2. Description of the Related Art
In dynamic computing environments, devices, applications, and networks of devices and applications may be provisioned at any point in their lifecycle. These networks, devices, and applications may be installed, updated, reconfigured, or decommissioned, and this is likely to happen many times throughout their lifecycle. Furthermore, in such dynamic computing environments, applications may be moved between running systems in an effort to recover from the loss of systems, to adjust changing resources requirements, or to support some other transition process.
The security needs of devices and applications in a dynamic computing environment are difficult to meet because the computing environment changes constantly. For example, traditionally, servers are often dedicated, meaning that they typically perform no other tasks than are required to support a business or technical requirement. As a result, most security configurations or security postures of servers are built and deployed specifically for the servers' particular needs. However, in a dynamic computing environment, services/applications are often added to or removed from existing server configurations to meet the changing needs of the dynamic computing environment. For instance, a Web server and a File Transfer Protocol (FTP) server may both concurrently coexist on one target system.
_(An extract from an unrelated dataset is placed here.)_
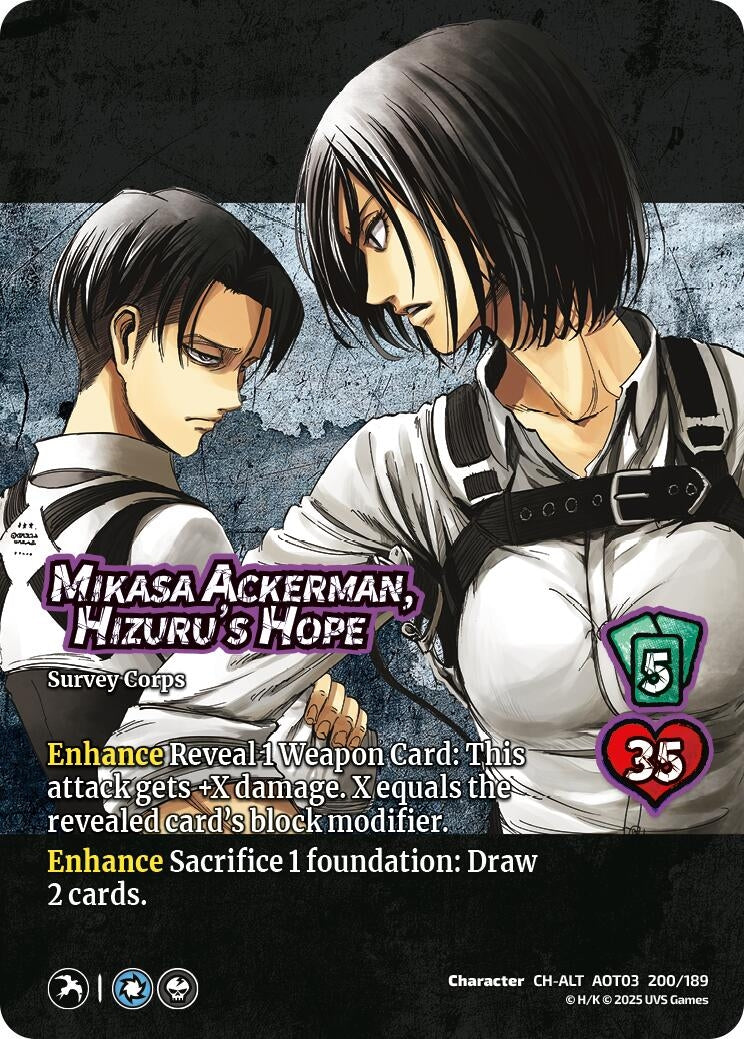 Image for Mikasa Ackerman, Hizuru's Hope (Alternate Art) (Attack on Titan: Apocalypse) (200/189) - UniVersus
The problem with running the Web server on a system purposed as an FTP server is that the FTP server cannot accommodate the Web server's security needs because the FTP server's security posture was built and deployed specifically to the needs of the FTP server. One method to accommodate the Web server's security needs is for a user to manually rebuild and redeploy a new security posture according to the combined needs of the two services. However, such manual rebuilds are complicated, time consuming, and labor intensive. For example, a typical Solaris system, an operating environment developed by Sun Microsystems, can require 100 changes to move from a default security posture to a security posture focused on providing a small set of services to different classes of users via different network interfaces in a reasonably secure manner. Even if manual rebuilds for one system is manageable, many changes over the life of a network of systems is very difficult (imagine 100, 1000, or even 10,000 systems). Further, tasks assigned to the server may frequently change and it's nearly impossible for the user to constantly rebuild and re-deploy security profiles.
In view of the forgoing, there is a need to develop methods and systems for securing a system in adaptive, dynamic, and consolidated computing environments.